For there have been repeated messages sent between Hizbollah and Israeli officials through a neutral third party; and on one occasion in the mid- Eighties, the Israelis - anxious at the time to upset the power base of the Shia Amal militia in southern Lebanon - freely allowed heavily armed Hizbollah units to pass through its occupation zone south of Jezzine, along with mortars and rocket launchers, in order to travel from the lower Bekaa Valley to the Iqlim al Tofah district.

Just as Israel has in the past been prepared to assist the Hizbollah in this way, so it once encouraged the Islamic Palestinian movement Hamas in the occupied territories, when Hamas was regarded as a rival to Yasser Arafat's PLO - which then constituted Israel's 'terrorist' enemy. Now that Arafat has been turned into a statesman, Hamas has been named as the super-'terrorists' - even though several of its leaders, when they did not oppose Israel with weapons, met Shimon Peres, the Israeli Foreign Minister, in the Gaza Strip.

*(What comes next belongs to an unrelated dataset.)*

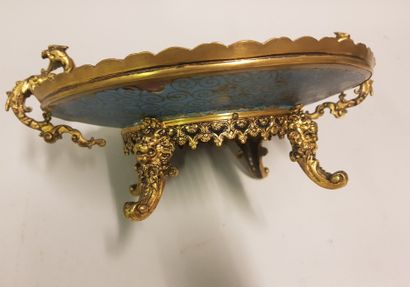 
A gilt bronze cup with a dish decorated...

If this seems confusing to the Western nations - Britain included - which are now being urged to sign up for the new US-Israeli battle against world 'terrorism', many Arabs are reflecting on the fact that it is Israel and the US that will be deciding which 'terrorists' the world will be expected to fight. Iran and the Hizbollah are top of the list, of course, with Hamas a close second. Those guilty of the numerically worst 'terrorist' atrocity in the Middle East in the past 15 years - the Lebanese Phalange militia which slaughtered hundreds of Palestinian men, women and children in the Sabra and Chatila camps in 1982 - will not be on the list, presumably because they were at the time allies of Israel.

Nor will the perpetrators of the 'terrorist' bombing of a Maronite church north of Beirut this year; the US has just refused to extradite to Lebanon one of the men who has been accused here of planning the bombing, which killed nine Lebanese civilians.

The US says that it might 'consider' such an extradition if Lebanon 'arrests the terrorists' who planned the US embassy and marine base bombings in 1983. It may be significant that testimony and charges in the church bombing trial - which is supposed to start later this summer - contains details of contacts between Lebanese Christians arrested for the bombing and Israeli intelligence officers in southern Lebanon and northern Israel.

All Palestinian groups opposed to last year's PLO-Israeli Declaration of Principles - 10 of them have their head offices in Damascus - will probably be suitable targets for Israeli attack in Lebanon (and probably suspects in future bombings), not least because one of them, the Popular Front for the Liberation of Palestine - General Command, is still suspected of involvement in the Lockerbie bombing.

However, gunmen in the South Lebanon Army, Israel's surrogate force in the country, will be safe from the world's wrath - even though some of them have killed UN soldiers. The 'terrorist' murderers of two Irish UN troops shot in the back of the head in April 1980, for instance, are still living under Israel's protection in its occupation zone near Bint Jbail, although they did live for two years in Detroit, flying there through Ben Gurion airport.

There are, therefore, 'terrorists' aplenty throughout the Middle East. Western security officials will be relieved that they can remain on good terms with some of them.